*Required work*: Starting from the line with "Gemelos de oro" and going up to and including the line with "Gurken-Happen mit Krabben Gurken-Happen", copy the listing below exactly. Leave all images out.

*Data*:

·····

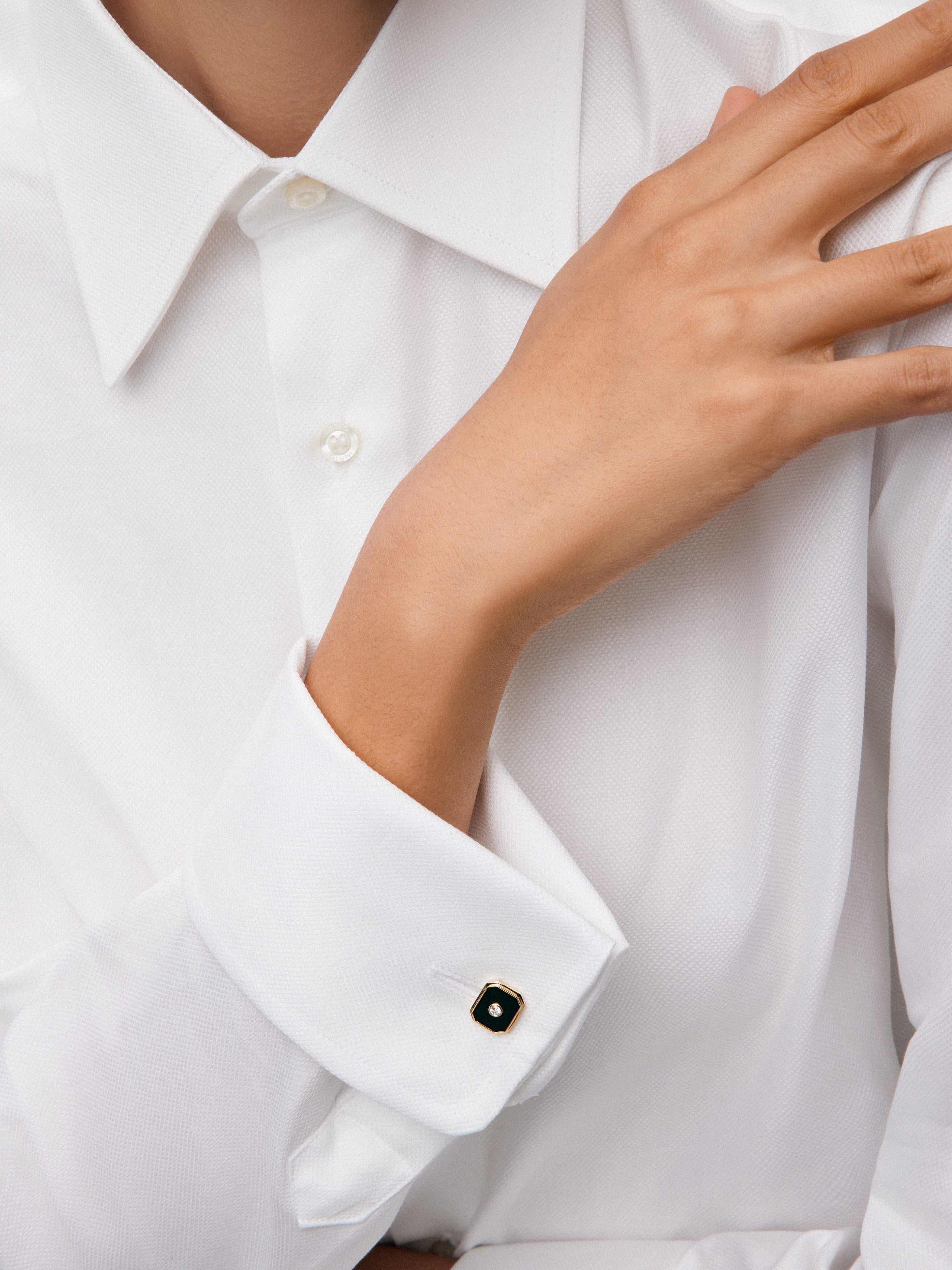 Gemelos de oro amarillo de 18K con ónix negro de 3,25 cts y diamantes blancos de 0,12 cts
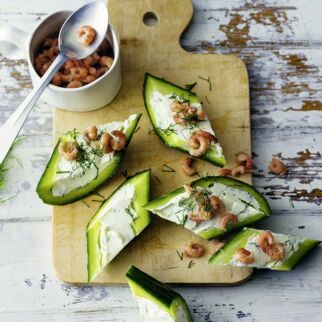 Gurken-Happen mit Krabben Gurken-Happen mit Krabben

·····

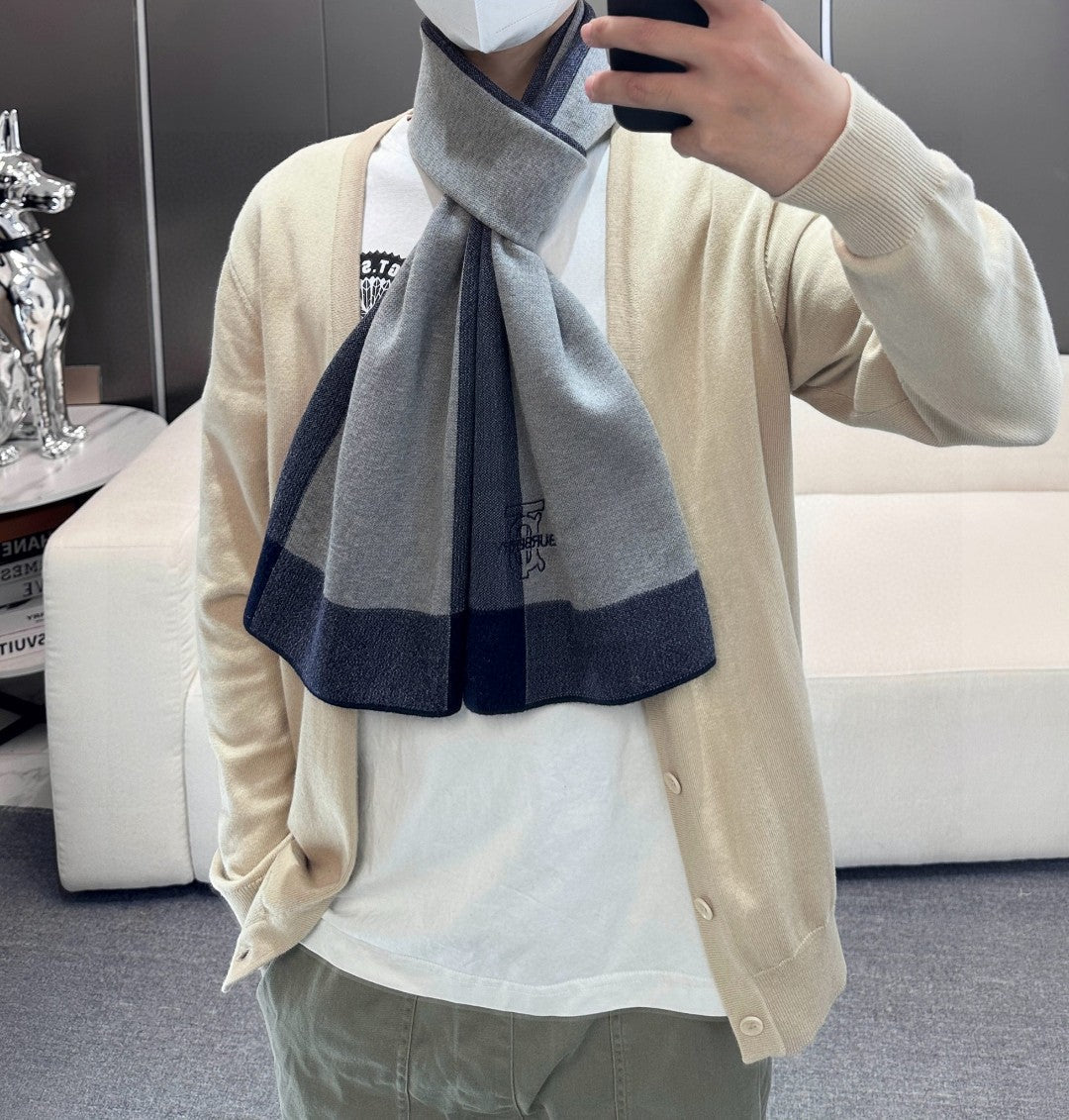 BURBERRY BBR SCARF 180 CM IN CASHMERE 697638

·····

*Final answer*:
 Gemelos de oro amarillo de 18K con ónix negro de 3,25 cts y diamantes blancos de 0,12 cts
 Gurken-Happen mit Krabben Gurken-Happen mit Krabben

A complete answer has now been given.